Updated

The only predictable thing about the elusive sniper -- or snipers -- terrorizing the Washington area is the unpredictability of the crimes.

The 10, perhaps 11, apparently random victims were male and female; old and young; black, white, Hispanic and Asian. The shootings have occurred in the morning and at night. Four were at gas stations, but the crime scenes also have included a sidewalk bench outside a post office and strip mall parking lots.

Experts say the killer, or killers, appear to be thrill-seekers who revel in the fear they've created and the attention the crimes are receiving.

Scott Thornsley, a criminal justice scholar at Mansfield University, who specializes in serial killers, said the shooter may be planning how to increase the thrill level of his next attack. The most recent confirmed victim, Thornsley pointed out, was killed across the street from a Virginia state trooper.

"He's operating on his own timetable. He can choose the place, the time, the location, the number of witnesses," Thornsley said. "He is absolutely dictating the pace of the investigation, in a sense, by shooting so many people in a short period of time. He's driving the police crazy."

Sniper fire has cut down eight people and wounded two since the killing started the night of Oct. 2. Another attack may have occurred Monday night when a woman was shot dead outside a Home Depot store in Falls Church, Va., about 10 miles west of Washington. Police were trying to determine whether her death was related to the other sniper killings.

The absence of patterns in the spate of shootings reflect intelligence, a knowledge of how to plan and premeditate. He's not a genius, but he's no dummy, said Robert Ressler, a former FBI profiler who believes the shooter is working with a partner.

"They're smart enough to break patterns, because they know that a pattern is going to get them trapped," he said.

The shooter exclusively targeted adults with the first seven shootings. Then, after police indicated they felt schools would not be a target, shot a 13-year-old boy after he got out of his aunt's car at a school in Bowie, Md. The boy remains in critical condition eight days later.

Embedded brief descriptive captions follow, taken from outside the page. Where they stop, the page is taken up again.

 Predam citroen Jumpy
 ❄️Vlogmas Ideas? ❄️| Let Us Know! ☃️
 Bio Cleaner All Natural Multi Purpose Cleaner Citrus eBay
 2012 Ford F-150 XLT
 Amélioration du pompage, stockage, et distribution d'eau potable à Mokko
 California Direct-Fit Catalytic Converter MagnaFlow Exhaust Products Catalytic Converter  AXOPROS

The geography of the shootings also changed abruptly. The first five victims were gunned down in the same area of Montgomery County, Md., the sixth just over the border in the District of Columbia.

But the seventh was wounded 60 miles away, in Fredericksburg, Va. And the sniper returned to that community to kill a man at a gas station last Friday.

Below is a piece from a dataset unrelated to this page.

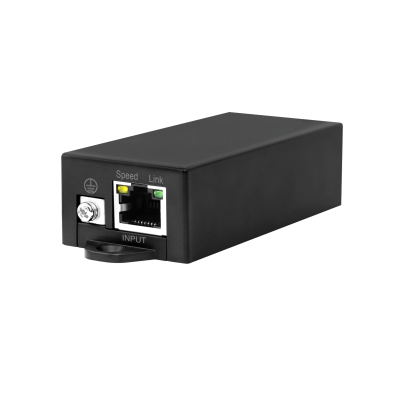 PoE удлинитель 10M/100M Fast Ethernet до 500м. Увеличение расстояния передачи данных + питание на 100м. При каскадном подключении - 2 до 300м (до 12W), 3 до 400м (до 6W), 4 до 500м (До 4W). Соответствует стандартам PoE IEEE 802.3af/at. Автоматическое опре
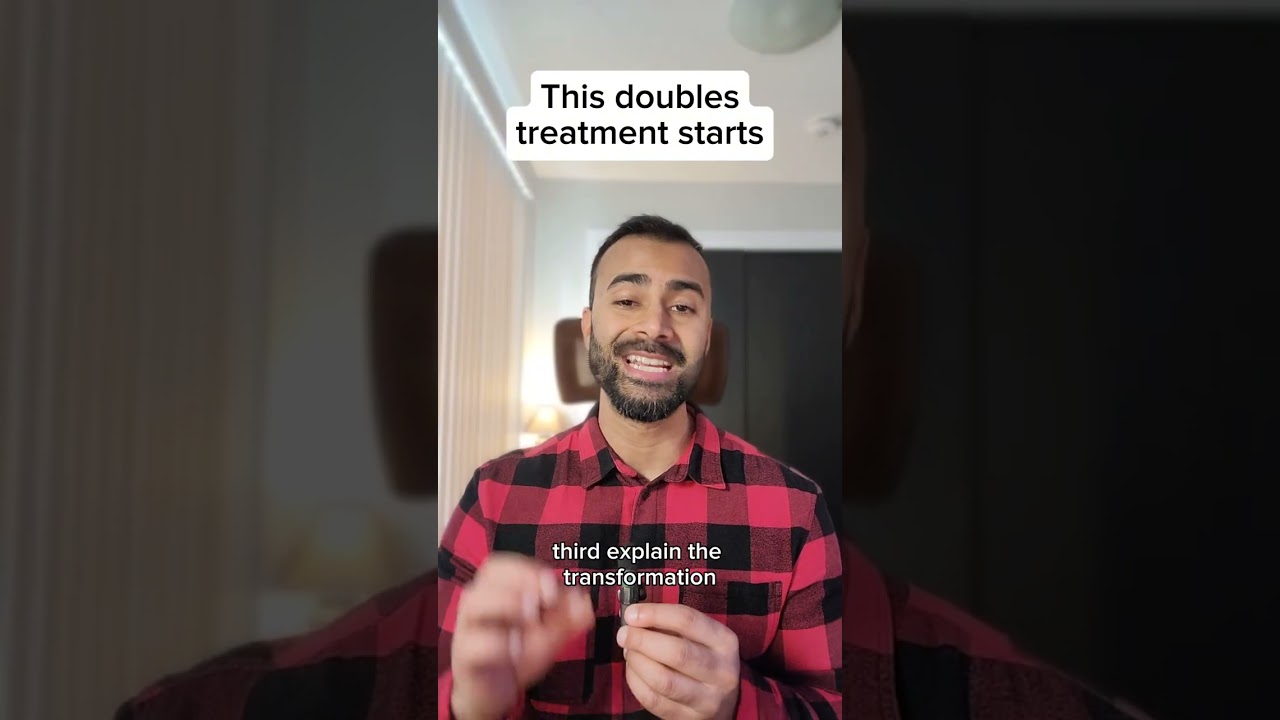 How to close more treatment starts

The sniper has left little physical evidence but may have intentionally dropped a tarot card scribbled with a taunting message to police. "I am God" was written on the card, found near where the boy was shot.

"The first or second murder, they're very paranoid, very frightened. They think the police are on to them and fear every knock on the door," Ressler said. "But when they get away with it three or four times, they develop this omnipotence. `I am walking on water,' or ... `I am God, because I've gotten away with murder."'

The longer the killer or killers remain free, the cockier they will become and the more likely to make a mistake, Ressler said.

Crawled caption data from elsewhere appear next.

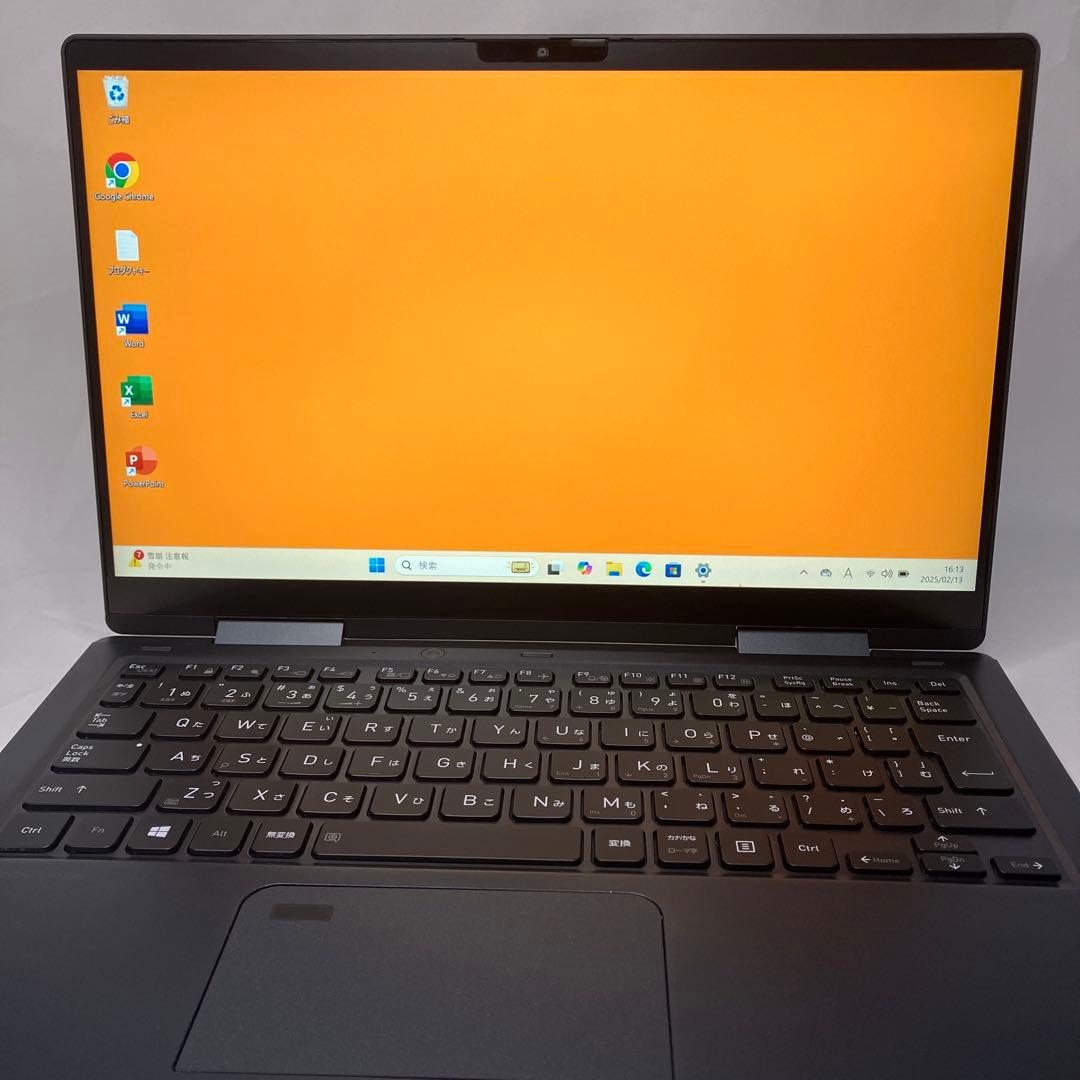 美品 dynabook V83 i7 16GB SSD 512GB office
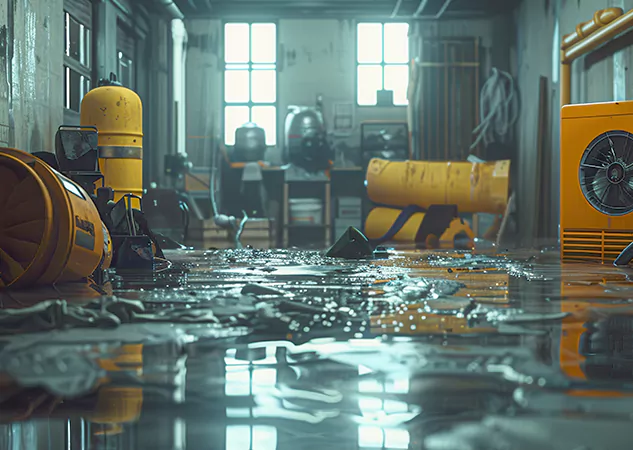 Your Large Loss Restoration Partner in Esom Hill, GA
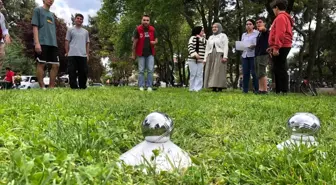 Muğla'da Gençler Bocce Sporu ile Tanışıyor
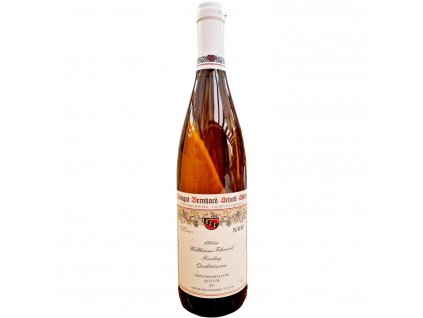 1995 Wallhäuser Felseneck Riesling, Bernhard Schott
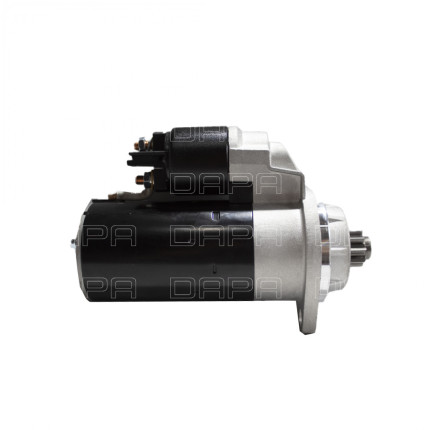 MOTOR PARTIDA COMPATÍVEL ISKRA-IMA 12V 9D BOMAG/HATZ - 2F S/FUCINHO DAP1130603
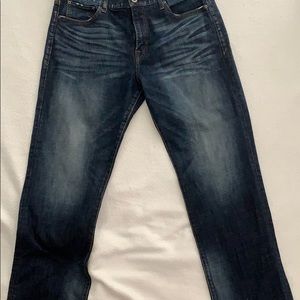 Men’s express jeans
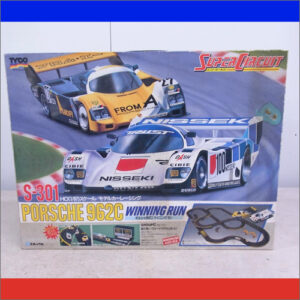 スーパーサーキット S-301 ポルシェ962C ウイニングラン
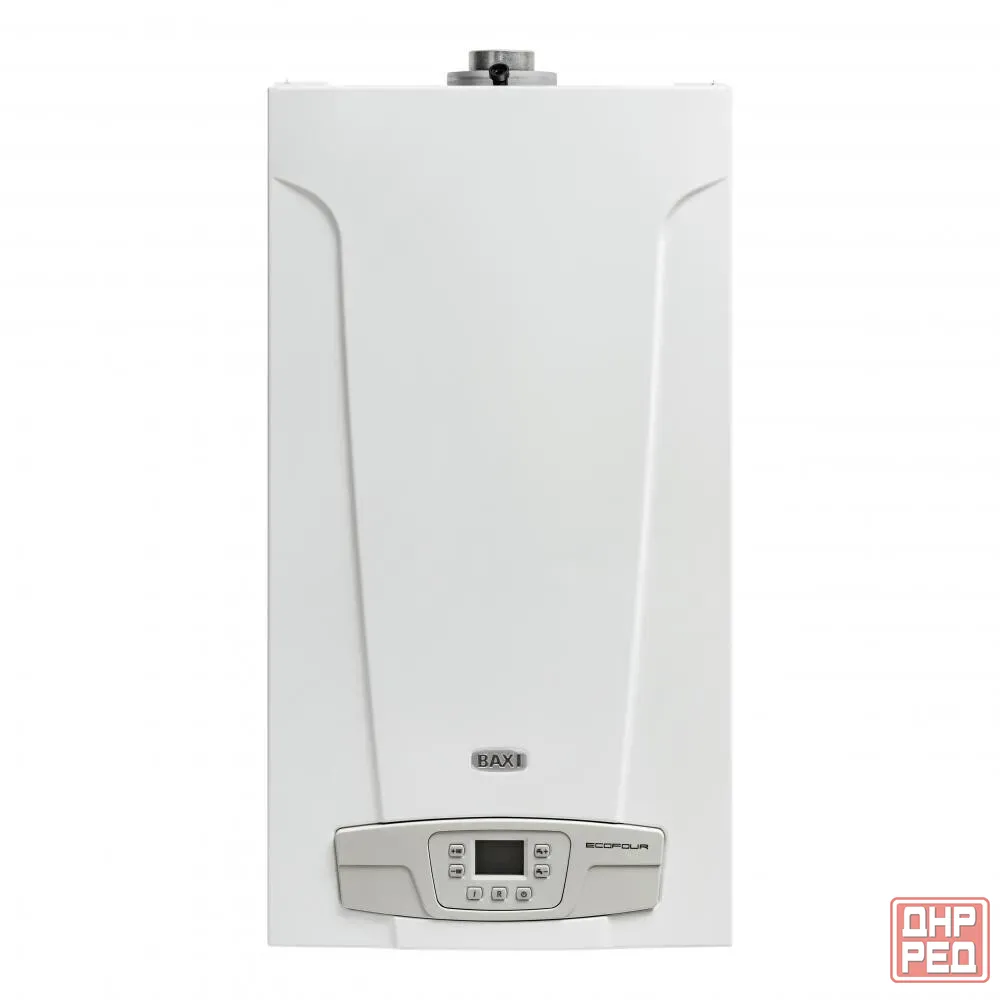 Двухконтурный газовый котел Baxi Ecofour 24F Донецк - изображение 1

With the more recent attacks so brazen, it may be difficult for the shooter to return to the "more safe and secure type of shootings" he has committed, Thornsley said.

"He may feel obligated to act out in a way that has not been typical of his behavior in the past," he said. "He has from the very beginning been out of character when we think of a serial killer."

Ressler believes the killer is someone who uses murder to build self-image and to satiate a need to take higher risks.

"They see no life at the end of the tunnel, because they're losers," he said. "They're probably fired from jobs. They've failed at employment, interpersonal relations, and are financially burdened. They are driven to abnormal behavior like this, because they can't cope the way normal people cope."

Ressler added that the killer, or killers, probably are thriving on the media attention.

"I think they have a true hope they will go down in the books with David Berkowitz, John Gacy and Jeffrey Dahmer," he said, referring to other well-known serial killers. "In other words, negative attention is better than no attention. I think this is what infamy is all about."